Views of Post-Kemalists 
Post-Kemalists are generally not affiliated with a certain political ideology. Authors supporting various ideologies like socialism, liberalism and conservatism have been described as post-Kemalists. However, this movement, which has a postmodern understanding of history in general, looks at Turkish historiography and the establishment of the Turkish state from a critical perspective. The centre-periphery model, which Şerif Mardin adapted to the conditions of Turkey, lies on the basis of post-Kemalist thought. According to Mardin, the 'centre' made up of the military-bureaucrat class excluded the 'periphery' made up of liberals, socialists, minorities, especially Kurds and traditionalists, and pushed them out of the main stage of Turkish politics. The political 'centre' came into conflict with the 'periphery' in order to maintain its power and realize its modernization mission, and saw them as a threat to itself and tried to suppress this movement. This was seen as the main reason for the military interventions and party closures in Turkey.

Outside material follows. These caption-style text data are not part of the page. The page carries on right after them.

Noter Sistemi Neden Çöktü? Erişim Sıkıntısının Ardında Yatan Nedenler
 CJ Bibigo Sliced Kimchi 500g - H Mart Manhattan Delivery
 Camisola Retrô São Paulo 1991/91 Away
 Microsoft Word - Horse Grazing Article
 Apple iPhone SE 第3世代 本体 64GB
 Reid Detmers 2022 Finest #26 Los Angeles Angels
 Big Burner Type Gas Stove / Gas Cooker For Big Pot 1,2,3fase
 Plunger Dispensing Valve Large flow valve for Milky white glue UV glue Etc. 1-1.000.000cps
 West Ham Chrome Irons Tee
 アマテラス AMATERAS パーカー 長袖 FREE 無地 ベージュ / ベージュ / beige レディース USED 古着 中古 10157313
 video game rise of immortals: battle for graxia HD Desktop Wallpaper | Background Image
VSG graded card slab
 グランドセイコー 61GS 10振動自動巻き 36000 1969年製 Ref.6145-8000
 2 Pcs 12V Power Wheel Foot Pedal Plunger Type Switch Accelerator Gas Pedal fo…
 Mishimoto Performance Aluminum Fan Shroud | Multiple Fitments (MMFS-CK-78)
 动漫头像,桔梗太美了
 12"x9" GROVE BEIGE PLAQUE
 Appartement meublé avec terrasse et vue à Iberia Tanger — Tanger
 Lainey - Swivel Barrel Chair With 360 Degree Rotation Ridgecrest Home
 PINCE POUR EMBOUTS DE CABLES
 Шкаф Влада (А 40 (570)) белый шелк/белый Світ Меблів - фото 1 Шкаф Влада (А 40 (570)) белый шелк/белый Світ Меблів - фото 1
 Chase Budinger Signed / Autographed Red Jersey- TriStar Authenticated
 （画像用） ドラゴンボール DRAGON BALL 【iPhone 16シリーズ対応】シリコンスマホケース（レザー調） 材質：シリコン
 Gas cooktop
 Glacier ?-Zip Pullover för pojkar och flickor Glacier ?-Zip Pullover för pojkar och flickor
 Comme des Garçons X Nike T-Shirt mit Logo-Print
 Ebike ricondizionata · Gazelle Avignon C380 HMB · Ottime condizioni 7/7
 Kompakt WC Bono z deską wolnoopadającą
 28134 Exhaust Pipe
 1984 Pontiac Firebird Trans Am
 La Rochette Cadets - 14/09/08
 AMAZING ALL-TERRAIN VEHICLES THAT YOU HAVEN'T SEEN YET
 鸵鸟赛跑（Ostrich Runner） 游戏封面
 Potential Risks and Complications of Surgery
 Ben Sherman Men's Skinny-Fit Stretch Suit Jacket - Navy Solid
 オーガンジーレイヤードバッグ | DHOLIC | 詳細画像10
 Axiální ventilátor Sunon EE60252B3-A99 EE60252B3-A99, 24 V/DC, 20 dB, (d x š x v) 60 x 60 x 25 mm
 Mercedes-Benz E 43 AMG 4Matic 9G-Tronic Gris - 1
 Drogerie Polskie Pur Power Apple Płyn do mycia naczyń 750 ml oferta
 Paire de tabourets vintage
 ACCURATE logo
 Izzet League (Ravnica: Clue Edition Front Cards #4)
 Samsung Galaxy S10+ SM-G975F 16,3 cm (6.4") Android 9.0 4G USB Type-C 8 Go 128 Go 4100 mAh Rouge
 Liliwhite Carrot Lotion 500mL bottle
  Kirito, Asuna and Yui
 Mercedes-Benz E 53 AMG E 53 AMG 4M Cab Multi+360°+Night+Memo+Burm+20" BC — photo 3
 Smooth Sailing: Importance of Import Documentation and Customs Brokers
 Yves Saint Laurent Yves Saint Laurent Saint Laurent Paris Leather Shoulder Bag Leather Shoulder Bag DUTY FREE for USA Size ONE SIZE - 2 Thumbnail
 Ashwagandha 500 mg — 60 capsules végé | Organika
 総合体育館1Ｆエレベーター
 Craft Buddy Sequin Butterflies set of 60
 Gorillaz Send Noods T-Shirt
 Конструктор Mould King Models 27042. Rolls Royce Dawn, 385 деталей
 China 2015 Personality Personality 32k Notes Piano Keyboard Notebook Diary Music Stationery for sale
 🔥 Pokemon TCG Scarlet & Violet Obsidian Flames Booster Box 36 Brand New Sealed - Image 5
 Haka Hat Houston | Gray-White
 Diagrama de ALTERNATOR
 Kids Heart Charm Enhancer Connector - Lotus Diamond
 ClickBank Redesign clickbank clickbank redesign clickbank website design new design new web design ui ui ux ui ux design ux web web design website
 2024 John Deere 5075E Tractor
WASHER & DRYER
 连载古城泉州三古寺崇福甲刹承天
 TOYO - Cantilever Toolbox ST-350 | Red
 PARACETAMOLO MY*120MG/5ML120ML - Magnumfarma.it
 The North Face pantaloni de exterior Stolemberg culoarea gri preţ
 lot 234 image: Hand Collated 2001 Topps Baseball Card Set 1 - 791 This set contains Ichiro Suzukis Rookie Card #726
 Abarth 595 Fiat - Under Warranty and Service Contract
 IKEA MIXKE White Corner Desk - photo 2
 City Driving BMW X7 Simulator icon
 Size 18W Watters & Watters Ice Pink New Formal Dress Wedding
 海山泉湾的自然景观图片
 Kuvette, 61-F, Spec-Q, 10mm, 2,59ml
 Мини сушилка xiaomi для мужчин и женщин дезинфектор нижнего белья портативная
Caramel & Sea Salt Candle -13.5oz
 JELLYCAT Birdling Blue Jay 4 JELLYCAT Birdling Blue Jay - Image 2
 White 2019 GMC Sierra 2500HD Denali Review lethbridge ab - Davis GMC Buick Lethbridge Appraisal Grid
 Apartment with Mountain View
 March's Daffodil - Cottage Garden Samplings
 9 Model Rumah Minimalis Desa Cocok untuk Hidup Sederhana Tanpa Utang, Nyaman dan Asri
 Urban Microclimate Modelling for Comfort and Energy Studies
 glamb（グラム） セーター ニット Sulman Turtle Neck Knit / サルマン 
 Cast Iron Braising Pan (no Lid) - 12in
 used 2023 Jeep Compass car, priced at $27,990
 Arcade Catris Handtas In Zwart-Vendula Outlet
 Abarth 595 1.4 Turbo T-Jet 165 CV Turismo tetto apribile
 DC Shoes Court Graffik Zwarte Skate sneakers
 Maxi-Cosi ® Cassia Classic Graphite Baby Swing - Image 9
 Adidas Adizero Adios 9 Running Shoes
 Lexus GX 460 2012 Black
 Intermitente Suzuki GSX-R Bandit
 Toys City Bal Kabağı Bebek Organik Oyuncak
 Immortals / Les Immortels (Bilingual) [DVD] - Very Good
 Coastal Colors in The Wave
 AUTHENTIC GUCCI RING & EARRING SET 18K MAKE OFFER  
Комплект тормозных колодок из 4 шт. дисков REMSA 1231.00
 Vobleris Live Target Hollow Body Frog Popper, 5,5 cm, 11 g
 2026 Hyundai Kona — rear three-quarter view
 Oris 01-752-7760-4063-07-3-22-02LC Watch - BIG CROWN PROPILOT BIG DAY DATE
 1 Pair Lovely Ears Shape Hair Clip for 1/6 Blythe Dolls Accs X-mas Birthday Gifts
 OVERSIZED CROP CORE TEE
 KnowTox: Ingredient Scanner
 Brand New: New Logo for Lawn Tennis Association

In addition, post-Kemalists drew attention to the 'top down' character of the reforms made in the Atatürk period. Various authors have criticized the formalist structure of the reforms and their inability to spread to the society, and have criticized these reforms as the product of an oppressive modernization.

History 
Although the term post-Kemalist was used in various meanings by some historians before the 1980s, it was defined by İlker Aytürk in 2015. After the coup of 1980, researchers such as Şerif Mardin, Mete Tunçay and Erik Jan Zürcher began to question Kemalism and Unionism by going beyond the official understanding of history. As a result of this critical outlook, many academics were excluded from various positions in the 1980s and 90s. After the 1997 memorandum, post-Kemalist criticism increased. A turning point in terms of post-Kemalism was the coming to power of the Justice and Development Party in 2002. The fall of the 'military-bureaucratic' order together with the AK Party government has made post-Kemalism the center of Turkish historiography. Events such as the European Union harmonization laws that were put into effect, erasing the traces of the 12 September and 28 February periods, the 2007 constitutional amendments, the Ergenekon and Sledgehammer cases and the Resolution Process were described as putting the post-Kemalist understanding into practice. However, as the AKP government became increasingly authoritarian after 2008, civilian constitutional proposals were not fully implemented, supression of Gezi Park protests and the failure of Peace Process, the view towards the AK Party changed in Turkish intellectual circles. Some post-Kemalist writers close to the AK Party government have severed their ties with the AK Party and Recep Tayyip Erdoğan. After these events, Turkish historiography started to move away from post-Kemalism.